Although there's no simple formula for p(n), there is an algorithm that's easy to understand, easy to remember, easy to implement in code, and easy to execute by hand. In fact, the algorithm produces a whole grid of meaningful numbers, sort of like the algorithm in Powers of N. The only drawback is that since grids are inherently at least O(n²), it's quite inefficient.

As sometimes happens with math, the key is to make the problem larger. So, let p(n,k) be the number of partitions of n with pieces of size at most k. Here are some sample values from running the algorithm with n = 12.

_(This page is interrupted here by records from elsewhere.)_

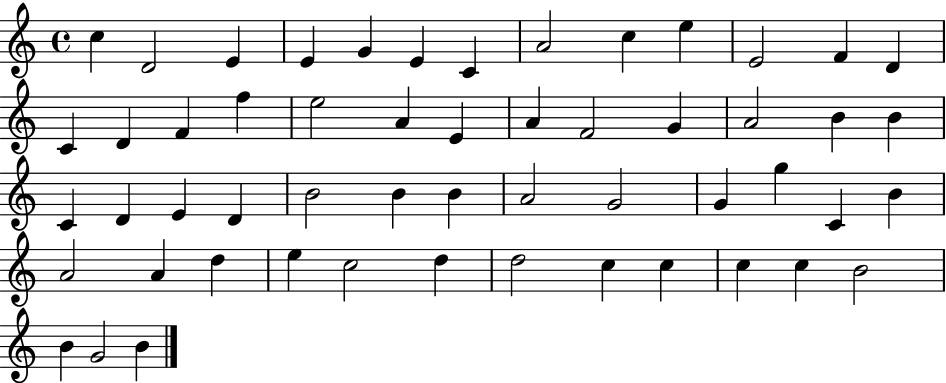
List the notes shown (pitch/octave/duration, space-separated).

C5/q D4/h E4/q E4/q G4/q E4/q C4/q A4/h C5/q E5/q E4/h F4/q D4/q C4/q D4/q F4/q F5/q E5/h A4/q E4/q A4/q F4/h G4/q A4/h B4/q B4/q C4/q D4/q E4/q D4/q B4/h B4/q B4/q A4/h G4/h G4/q G5/q C4/q B4/q A4/h A4/q D5/q E5/q C5/h D5/q D5/h C5/q C5/q C5/q C5/q B4/h B4/q G4/h B4/q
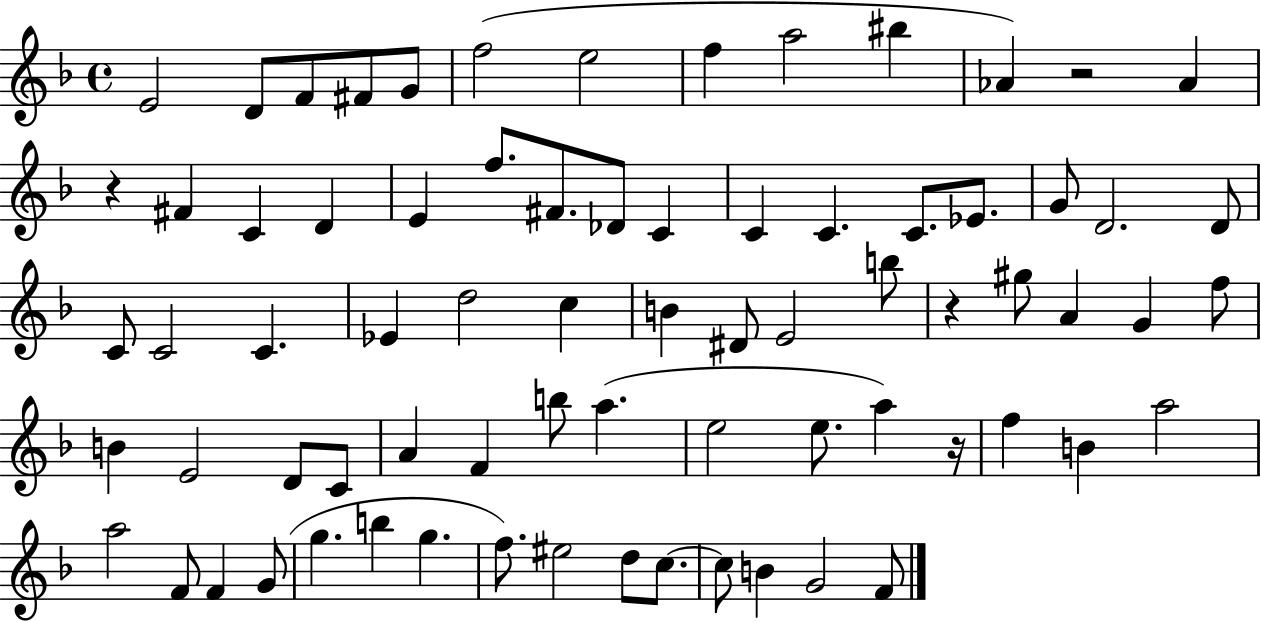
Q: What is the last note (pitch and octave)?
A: F4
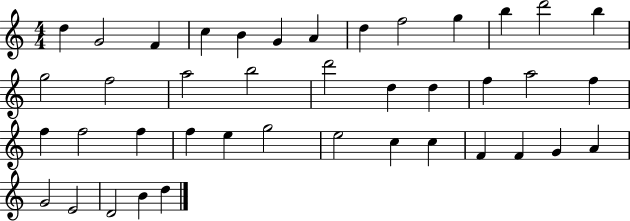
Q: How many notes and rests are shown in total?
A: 41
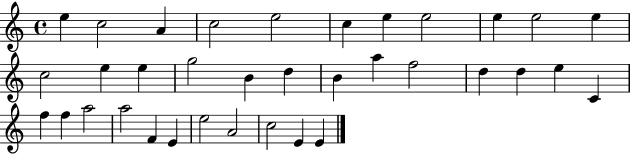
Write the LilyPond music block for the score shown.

{
  \clef treble
  \time 4/4
  \defaultTimeSignature
  \key c \major
  e''4 c''2 a'4 | c''2 e''2 | c''4 e''4 e''2 | e''4 e''2 e''4 | \break c''2 e''4 e''4 | g''2 b'4 d''4 | b'4 a''4 f''2 | d''4 d''4 e''4 c'4 | \break f''4 f''4 a''2 | a''2 f'4 e'4 | e''2 a'2 | c''2 e'4 e'4 | \break \bar "|."
}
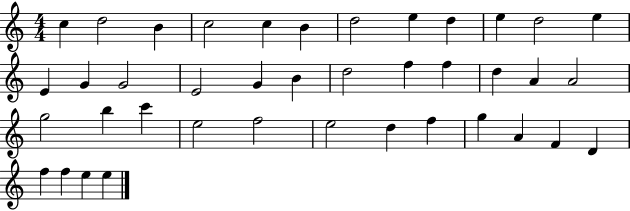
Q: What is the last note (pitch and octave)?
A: E5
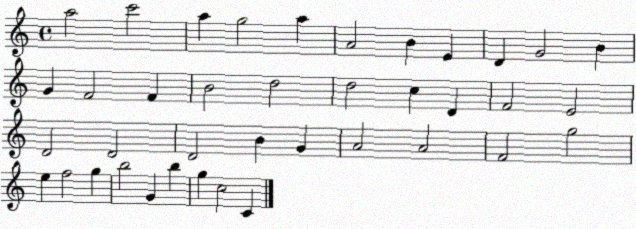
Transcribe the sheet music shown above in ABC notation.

X:1
T:Untitled
M:4/4
L:1/4
K:C
a2 c'2 a g2 a A2 B E D G2 B G F2 F B2 d2 d2 c D F2 E2 D2 D2 D2 B G A2 A2 F2 g2 e f2 g b2 G b g c2 C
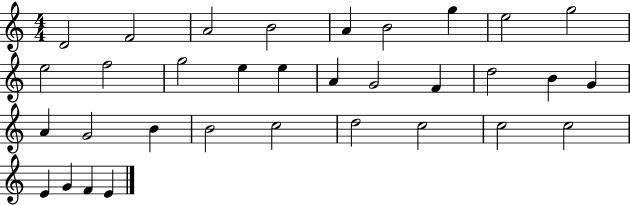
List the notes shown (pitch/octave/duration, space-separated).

D4/h F4/h A4/h B4/h A4/q B4/h G5/q E5/h G5/h E5/h F5/h G5/h E5/q E5/q A4/q G4/h F4/q D5/h B4/q G4/q A4/q G4/h B4/q B4/h C5/h D5/h C5/h C5/h C5/h E4/q G4/q F4/q E4/q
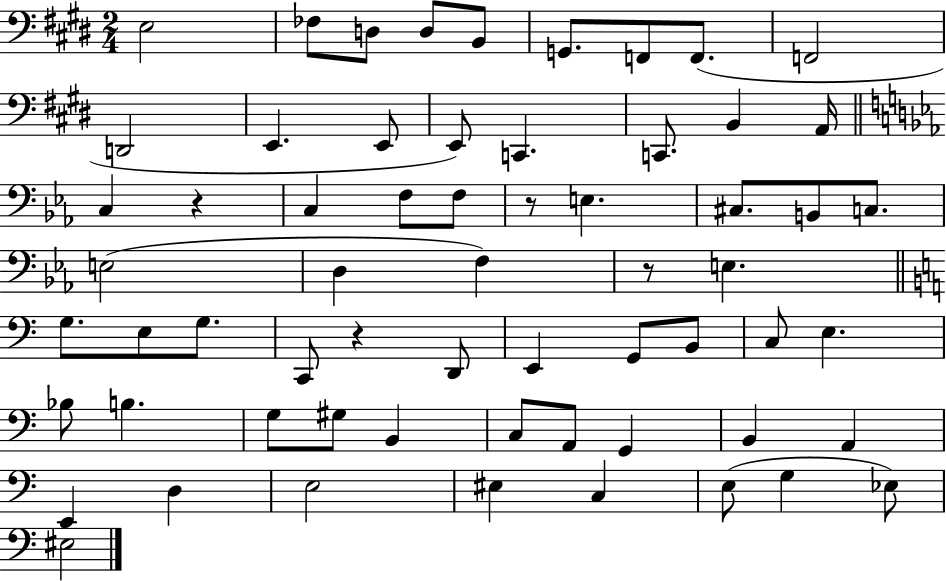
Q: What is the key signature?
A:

n	k = 1	2	3	4	5	6	7	8	9	10	11	12
0	1	1	1	1	1	1	1	1	1	1	1	1
1	1	1	1	1	1	1	1	1	1	1	1	1
2	1	2	2	2	2	2	2	2	2	2	2	2
3	1	2	3	3	3	3	3	3	3	3	3	3
4	1	3	4	5	5	5	5	5	5	5	5	5
5	1	3	5	6	7	7	7	7	7	7	7	7
6	1	4	7	9	10	11	11	11	11	11	11	11
7	1	4	8	11	13	14	15	15	15	15	15	15
8	1	5	10	15	18	20	21	22	22	22	22	22
9	1	5	12	18	23	26	28	29	30	30	30	30
10	1	6	14	23	30	35	38	40	41	42	42	42
11	1	6	16	27	37	44	49	52	54	55	56	56
12	1	7	19	34	47	58	65	70	73	75	76	77

How do we know the value of, say, p(12,4)? Well, suppose we have a partition of 12 with pieces of size at most 4. The obvious question to ask is how many pieces of size 4 it has.

• If zero, then the pieces are all actually of size at most 3. There are p(12,3) partitions like that.
• If one, then that covers 4 of the 12 and leaves 8 that need to be covered by pieces of size at most 3. So, there are p(8,3) partitions like that.
• If two, then that covers 8 and leaves 4, so there are p(4,3) partitions like that.
• And, if three, then that covers 12 and leaves nothing, and there's only p(0,3) = 1 partition like that.

To sum up,

p(12,4) = p(12,3) + p(8,3) + p(4,3) + p(0,3),

or in the general case,

p(n,k) = sum _{j=0 … ⌊n/k⌋} ( p(n−jk,k−1) ).

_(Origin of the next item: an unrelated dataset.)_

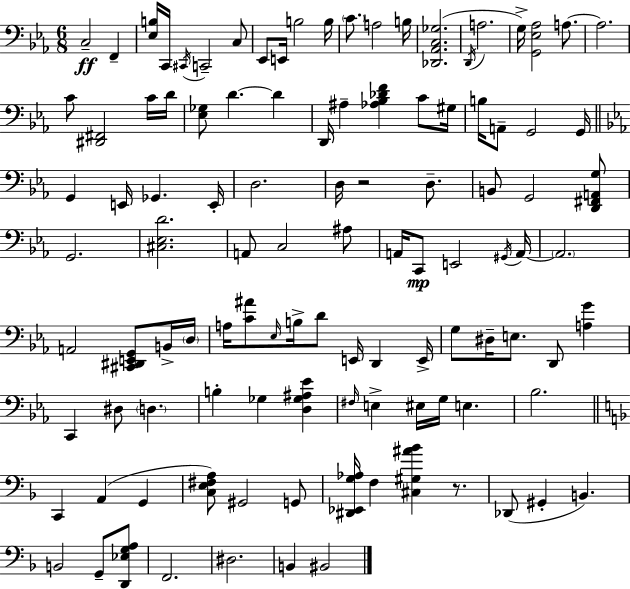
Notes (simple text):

C3/h F2/q [Eb3,B3]/s C2/s C#2/s C2/h C3/e Eb2/e E2/s B3/h B3/s C4/e. A3/h B3/s [Db2,Ab2,C3,Gb3]/h. D2/s A3/h. G3/s [G2,Eb3,Ab3]/h A3/e. A3/h. C4/e [D#2,F#2]/h C4/s D4/s [Eb3,Gb3]/e D4/q. D4/q D2/s A#3/q [Ab3,Bb3,Db4,F4]/q C4/e G#3/s B3/s A2/e G2/h G2/s G2/q E2/s Gb2/q. E2/s D3/h. D3/s R/h D3/e. B2/e G2/h [D2,F#2,A2,G3]/e G2/h. [C#3,Eb3,D4]/h. A2/e C3/h A#3/e A2/s C2/e E2/h G#2/s A2/s A2/h. A2/h [C#2,D#2,E2,G2]/e B2/s D3/s A3/s [C4,A#4]/e Eb3/s B3/s D4/e E2/s D2/q E2/s G3/e D#3/s E3/e. D2/e [A3,G4]/q C2/q D#3/e D3/q. B3/q Gb3/q [D3,Gb3,A#3,Eb4]/q F#3/s E3/q EIS3/s G3/s E3/q. Bb3/h. C2/q A2/q G2/q [C3,E3,F#3,A3]/e G#2/h G2/e [D#2,Eb2,G3,Ab3]/s F3/q [C#3,G#3,A#4,Bb4]/q R/e. Db2/e G#2/q B2/q. B2/h G2/e [D2,Eb3,G3,A3]/e F2/h. D#3/h. B2/q BIS2/h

With that equation, we can compute any column from the previous one. Then we need only observe that the first column is all 1s, and we have an algorithm. We can do better, though! Returning to the p(12,4) example, let's also write down the equation for p(8,4).

p(8,4) = p(8,3) + p(4,3) + p(0,3)

If we substitute that into the equation for p(12,4), we find

p(12,4) = p(12,3) + p(8,4),

or in the general case,

p(n,k) = p(n,k−1) + p(n−k,k).

With that equation, too, we can compute any column from the previous one, as long as we compute the cells in an appropriate order, e.g. downward. (How many upward steps can there be?) The advantage is that the cost per cell is fixed. The disadvantage is that the equation has an edge case: when n < k the second term on the right shouldn't even be there (and is undefined).